Introducing research papers published in high-impact medical journals by members of the Brain Tumour group at the Melbourne Brain Centre.
INSULIN-LIKE GROWTH FACTOR-BINDING PROTEIN 3 (IGFBP3) PROMOTES GLIOBLASTOMA PROGRESSION & ENHANCES RESISTANCE TO THERAPY
Dr Rod Luwor
Glioblastoma Multiforme (GBM) is a highly aggressive brain tumour that almost always results in death. This high mortality rate is due its highly invasive nature and its resistance to both chemotherapy and radiation treatment. Thus, we are focussed on studying new genes and proteins that might be useful as therapeutic targets.

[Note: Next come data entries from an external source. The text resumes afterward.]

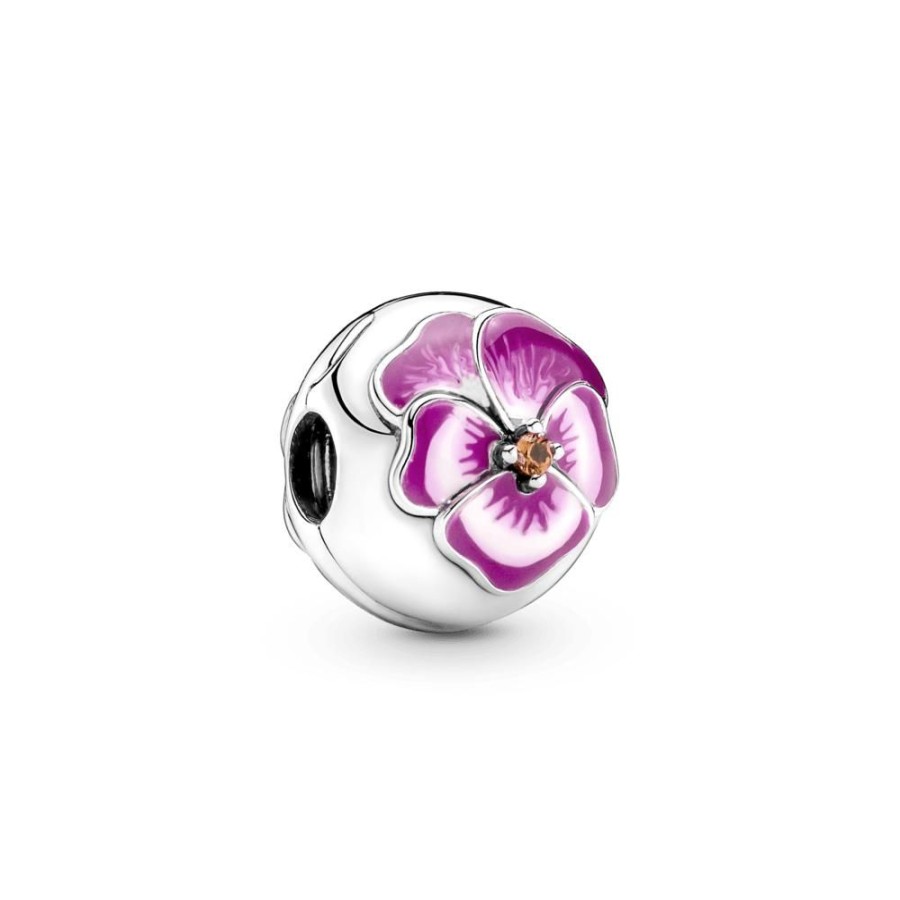 Charms Joyas Pandora | Charm Clip Sujetador Pensamiento Rosa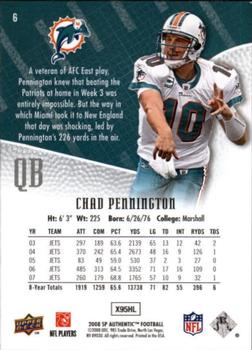 2008 SP Authentic #6 Chad Pennington Back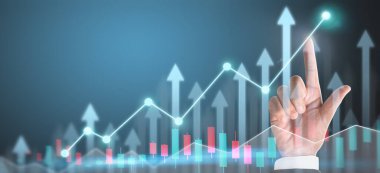 İşadamı, işinde grafik büyümesi ve grafik artışı için olumlu göstergeler planlıyor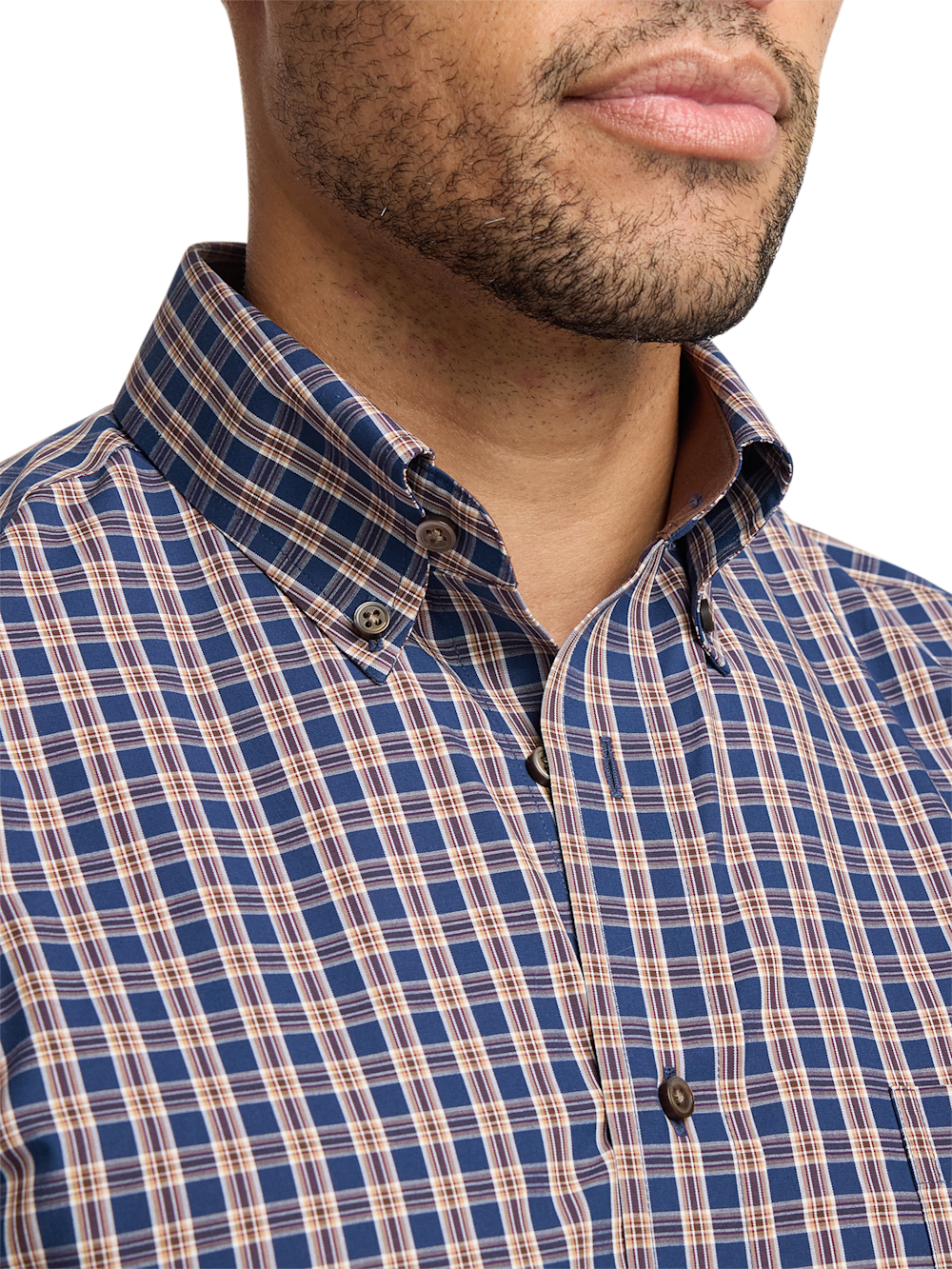 Alternate Image of Non-iron Cotton Plaid Dress Shirt With Contrast Trim-2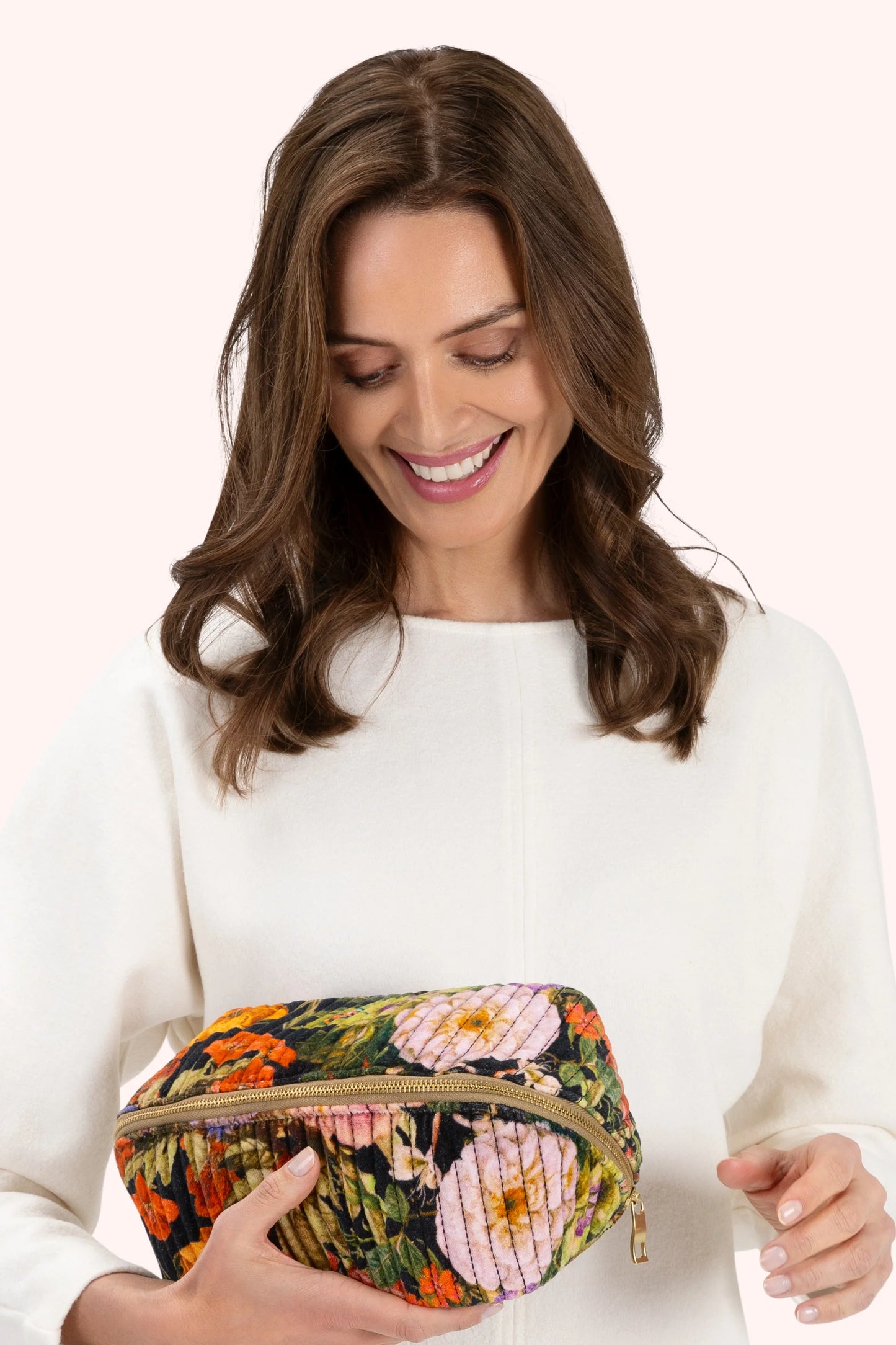 Quilted Makeup Bag - Midnight Posy
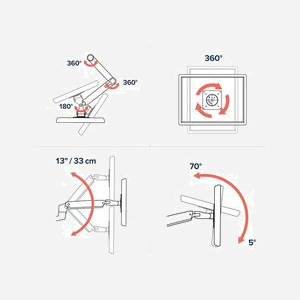 Ergotron LX Series 45-243-026 Support Mural LCD Aluminium 34" (86.4cm) VESA 75/100mm, Charge Max 11.3kg, Extension 64cm, Inclinaison 75°, Rotation 360° - Miniature 3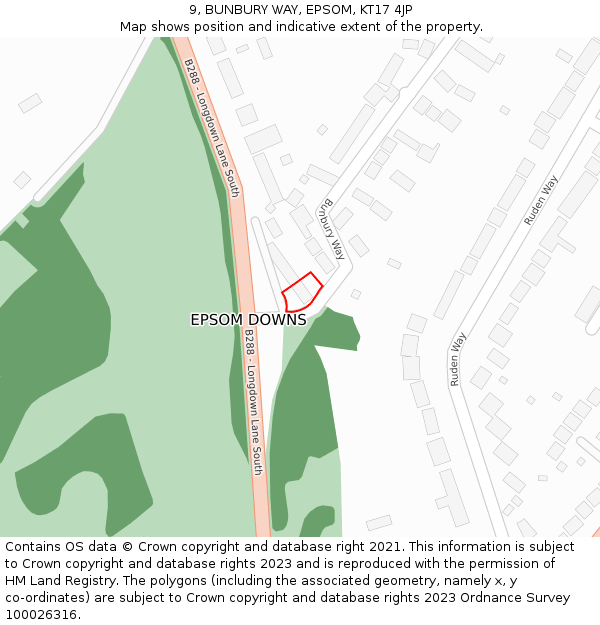 9, BUNBURY WAY, EPSOM, KT17 4JP: Location map and indicative extent of plot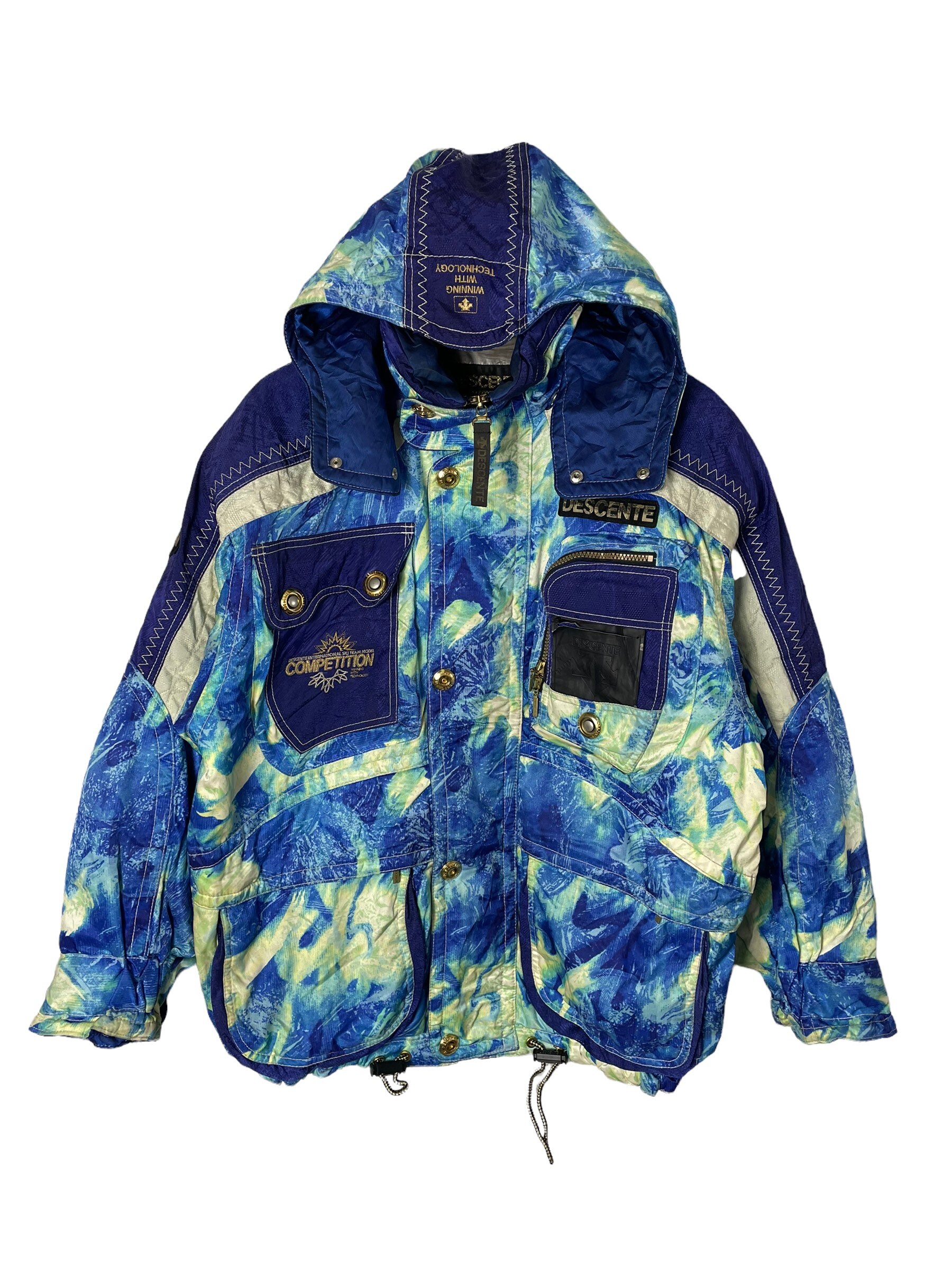 Descente Ski Jacket With Custom Patch And Stitching Mens Size XS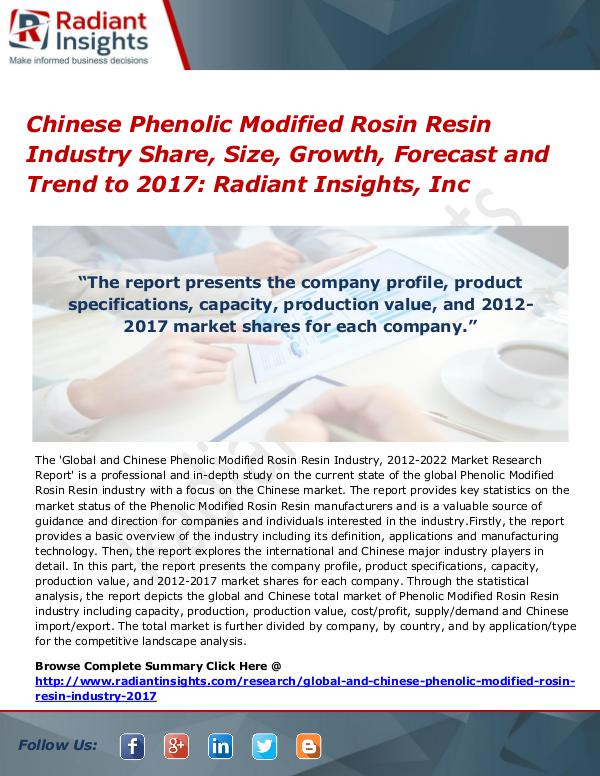 Chinese Phenolic Modified Rosin Resin Industry Share, Size 2017 Chinese Phenolic Modified Rosin Resin Industry2017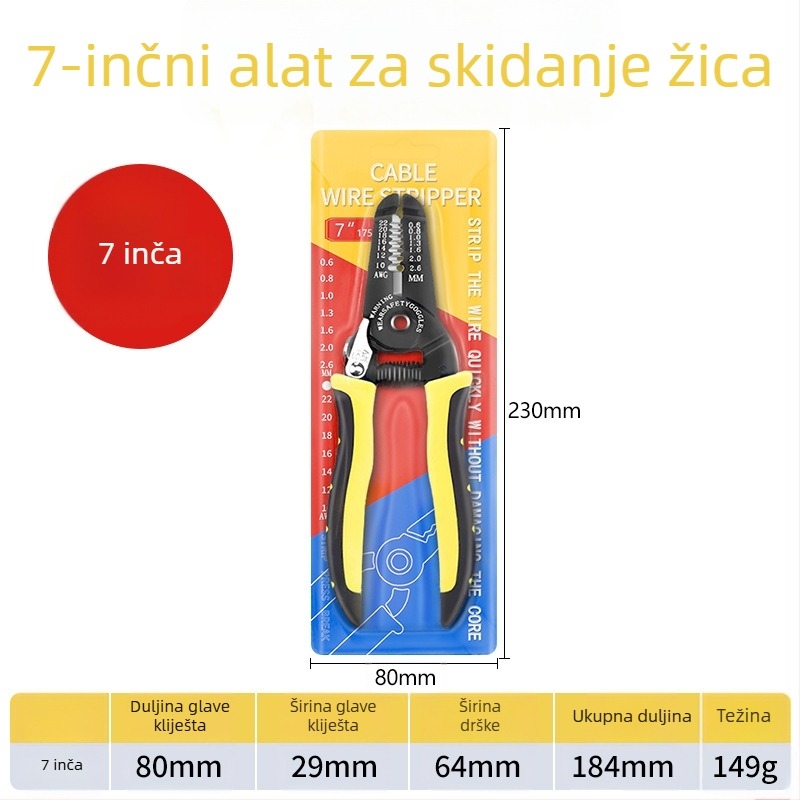 7-inčnih kliješta za skidanje izolacije za elektrikare, automatske višenamjenske kliješta za skidanje izolacije, ručne kliješta za rezanje žica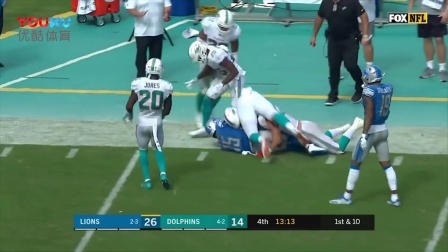 【NFL第7周比赛集锦】雄狮32-21海豚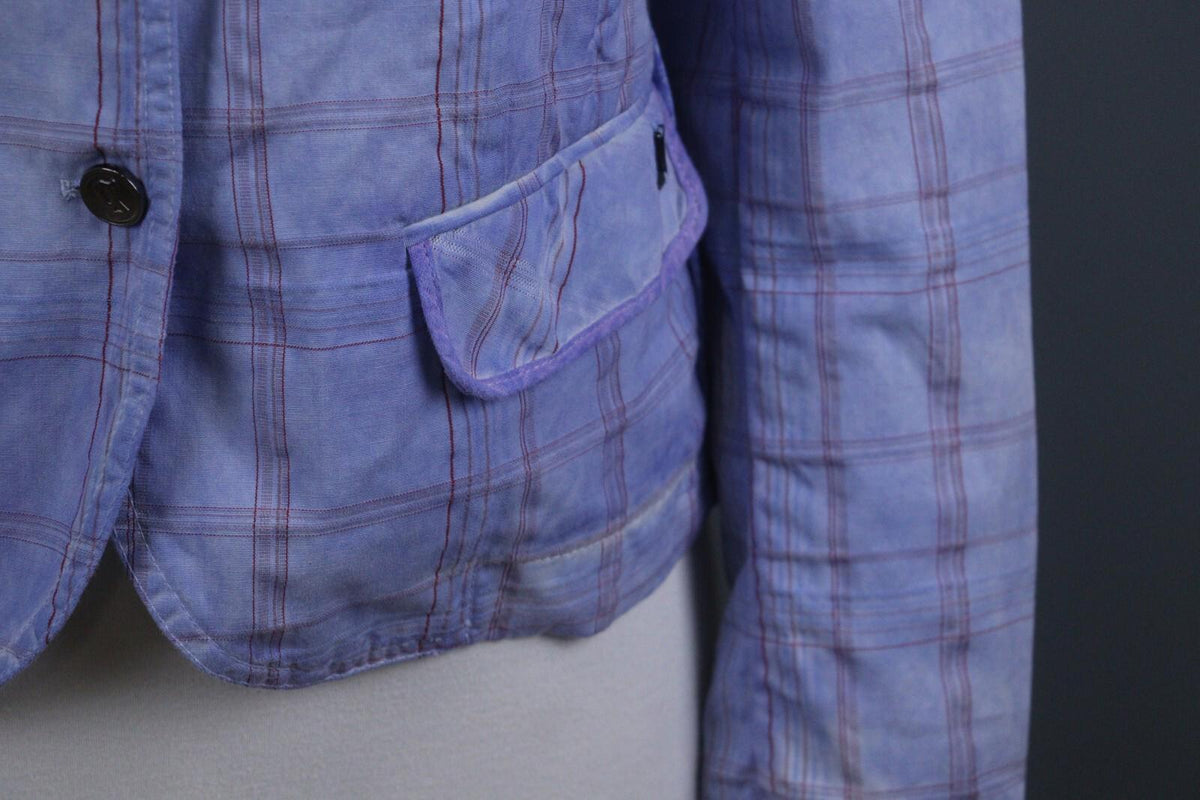 BNWT GALLIANO Blue Check Three Button Blazer Jacket – Size 26 / 40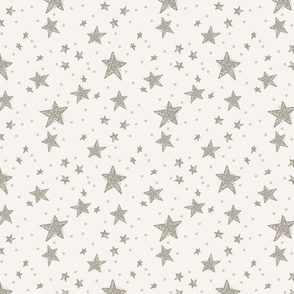 Stamped Random Stars in Neutral Taupe on Off White - Medium Scale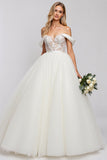 Branco Fora do Ombro De Baile/Princesa Tule Longo Vestido de Noiva com Apliques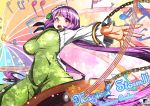  1girl biwa_lute breasts chain dress floral_print flower green_dress hair_flower hair_ornament instrument large_breasts long_hair long_sleeves low_twintails lute_(instrument) musical_note open_mouth purple_hair shirt solo touhou tsukumo_benben twintails umigarasu_(kitsune1963) very_long_hair violet_eyes 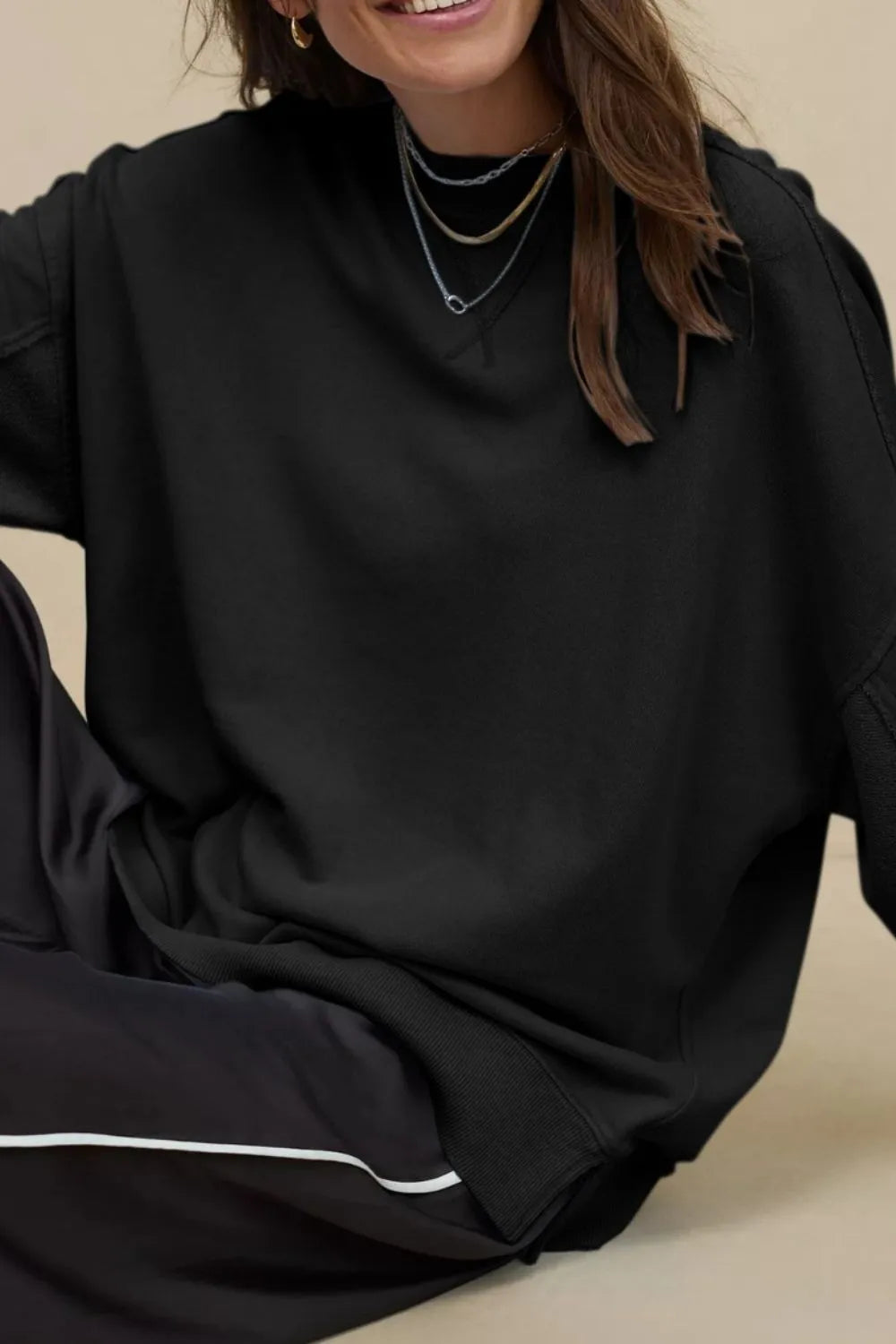 Side Slit Streetwear Sweatshirt – same ANTHEM | Casual Style for Soulmates & Lovers - Black / XL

In this study, we compared the levels of gene expression from GBM tissue associated with poor survival rates and GBM tissue obtained from people with better outcomes. It was found that a particular gene, coding for the insulin-like growth factor-binding protein 3 (IGFBP3), was more prevalent in GBM tissue associated with poor outcomes. In the laboratory, we decreased the expression of this IGFBP3 in GBM tumour cell lines. This reduced the GBM tumour growth and migration, as well as making the GBM tumour cells more susceptible to conventional cancer treatments like temozolomide and radiotherapy. Our findings indicate that IGFBP3 is important in many processes in GBM tumour growth and invasion and may be an effective therapeutic target.
EGFRvIII MEDIATES STAT3 DEPENDENT MIGRATION & INVASION VIA THE PHOSPHORYLATION OF CORTACTIN
Dr Rod Luwor
The gene CTTN codes for a protein called cortactin. Cortactin is “over-expressed” in many cancers, such as breast, oesophageal and head and neck carcinomas. It is also a key factor influencing how invasive gliomas are in patient brain tissue.
Increased levels of cortactin result in increased migration and invasiveness of tumours, two attributes that lead to poorer health outcomes in patients. Tumour invasion is facilitated by structures on the cancer cells called “invadopodia” (basically, “invasive feet”). We hypothesised that cortactin interacts with other factors like EGFRvIII and STAT3 (both important in glioma) to form invadopodia and promote glioma cell invasion.
The results of our study confirmed that there was actually “collaboration” between cortactin (which helps the invadopodia form) and other factors like STAT3, which increased potential cellular invasiveness of tumours, in particular with the EGFRvIII variant in glioma cells.
These results help us to identify key genes and proteins that could be targeted in future therapies to limit the invasion of tumours, particularly some forms of glioma.